On the morning of 30 June, while en route to Singapore, Brisbane encountered a burning merchant ship, MV Sincere. A fire-fighting party was despatched but, in spite of their efforts over the course of the day which involved 71 officers and sailors, the blaze could not be contained and Sincere was abandoned. Her crew was evacuated to Brisbane for passage to Singapore. Brisbane stood by the burning vessel until 3 July when the salvage tug Salvana arrived and took Sincere in tow but the ship later sank some 80 nm north-east of Pulau Tioman.

Brisbane returned to the gunline on 15 July operating off Phu Yen and Binh Dinh provinces. On 22 July she suffered a premature explosion in the barrel of Mount 51 injuring Leading Seaman Lenton Benfield and rendering the gun unserviceable. Benfield was landed ashore and returned to Australia for medical treatment. Brisbane returned to Vung Tau at the beginning of August to continue NGS operations before undergoing maintenance at Subic Bay where Mount 51 was removed. Following a brief visit to Hong Kong, she returned to Vietnamese waters to form part of the destroyer screen for the USN carriers Oriskany and Constellation. She departed the area of operations on 14 September and was relieved by HMAS Vendetta (II) in Subic Bay on 28 September where her replacement Mount 51 was also installed. Brisbane returned to Sydney on 13 October where Captain Willis relinquished his command. Willis was mentioned in despatches in January 1970 "for devotion to duty in the presence of the enemy as Captain of HMAS Brisbane". The following January he was appointed an Officer of the Order of the British Empire (OBE) in the New Year’s Honours List.
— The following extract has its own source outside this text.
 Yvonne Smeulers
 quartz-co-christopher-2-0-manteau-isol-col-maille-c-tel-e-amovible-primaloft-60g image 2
He was also appointed honorary Aide-de-camp to the Governor-General in June 1969.

Willis was a member the Joint Intelligence Organisation at HMAS Harman from October 1969 to May 1972 before being appointed Chief of Staff to the Flag Officer Commanding HM Australian Fleet at HMAS Kuttabul from May 1972 to December 1973. In his spare time he would go fishing at the boat harbour, he caught so many John Dory that the dockyard workers contemplated banning him.

In 1974 he attended the Royal College of Defence Studies in London after which he remained in the UK for a further two years as the Australian Naval Representative and Naval Advisor to the Australian High Commissioner, London, at Australia House.
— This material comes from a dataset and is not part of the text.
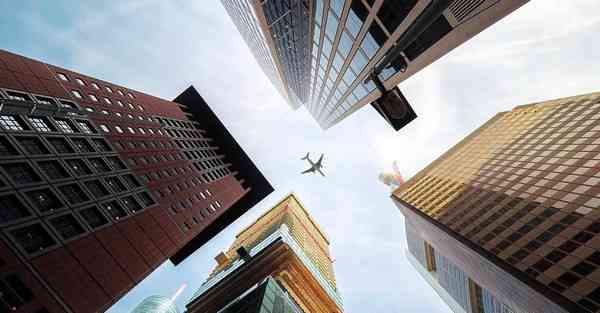 军队宣传片2021_军队宣传片2022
He returned to Australia in January 1977 and took up the position of Director General Naval Operational Requirements. He was promoted to the rank of Rear Admiral on 14 November 1977 and became Chief of Naval Operational Requirements and Plans. In July 1979 he became Chief of Naval Personnel, a position he held until his retirement in June 1980 bringing to an end a distinguished 40-year naval career. Willis retired with his wife, Joy, to the Isle of Capri at Surfers Paradise, Queensland. He passed away after a long illness on 28 November 1997.